Are you truly confidential?

Unraveling Web Mining

Looking for a gaming laptop? The world knows about it!

Looking for weight gain measures? The world knows about it!

Then suddenly you realize that last night you searched or better say “Googled” about the topics that I pointed out. So, who are the prime suspects? You never told anyone, and why are related advertisements popping up in all the apps and websites that you open? If you are a newbie to the awesome world of computer science and lack the knowledge of the functioning of our beloved World Wide Web then perhaps the villain goes incognito and you can never identify him! In this article, we will try to find the culprit.

“World” here refers to the world of internet also known as World Wide Web.
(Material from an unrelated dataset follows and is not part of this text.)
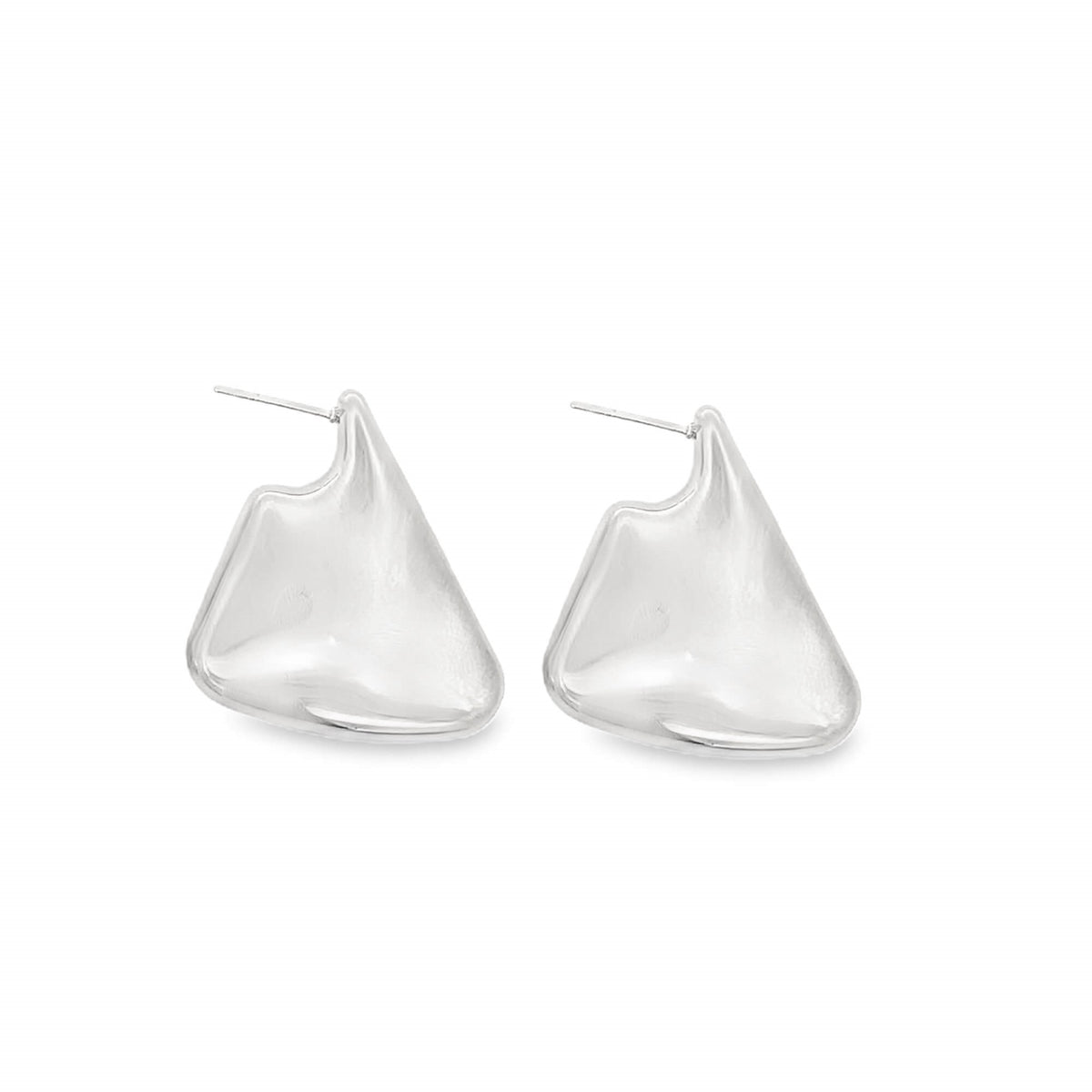 A pair of abstract silver stud earrings with a smooth, melted shape sits against a white background.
They gather your data. Gather lots of it, from websites you visit, from searches you make, from apps you install, from the questions you ask Siri, Cortana or Google Assistant, and from questions you ask on various forums. A question arises who are they? They are the servers. Servers set up by various companies which provide you with the so-called experience of personalized browsing and fast browsing. You are engulfed in an armada of servers who actually serve many purposes one of which is mentioned above. The whole process of backtracking you and storing your information is known as Web Mining.

Each and every single activity you do on web can be monitored

Now we will see the different areas where you get “spied”. We will see what are the basic elements of Web Mining, how it is done, technical and non-technical aspects will be covered, we will see more of this server thing and many more interesting aspects like which languages are used for this data transmission, who is the carrier of this data and many more. Let’s begin.

Internet Ads and Junk Mails

This is the most common effect of Web Mining that we see in our daily life. Companies make us believe that they are converting what we see into we see what we want to see.

This is done by placing a small text file known as Cookie on our computers. They have the power to retrieve it later when it compiles with other cookies and provide a jigsaw representation of our online presence.

Cookies are very efficient and simple to handle

Now, this makes a path for the targeted and personalized ads which are way more expensive than random ads so websites earn a lot from them. This is the major reason for websites to remain free. The same cookie is used to send you emails that you very conveniently transfer directly to junk.

This picture clearly shows how easy it is to handle data using cookies.


  1. You get to see what you want to see.
  2. You get more choices and knowledge of similar things you wish to pursue.
  3. Perhaps the major reason that your favorite websites are free.

Who Uses this?

  1. All the major online Shopping sites like Amazon, Flipkart, eBay etc.
  2. Websites which allows you to watch videos, listen to songs and entertain you.

Should it be stopped?

Yes, if you want to pay for your favourite websites instead of selling your privacy.

Yes, if you want to see ads for weird stuff which you never see or seek.

Social Networking Sites

The social network provides healthiest data set possible. Gnip is the largest provider of social data, which stores more than 150 billion social activities each month. It offers companies with a vast range of databases from Twitter, Facebook, Tumblr, WordPress, YouTube, G+, and others.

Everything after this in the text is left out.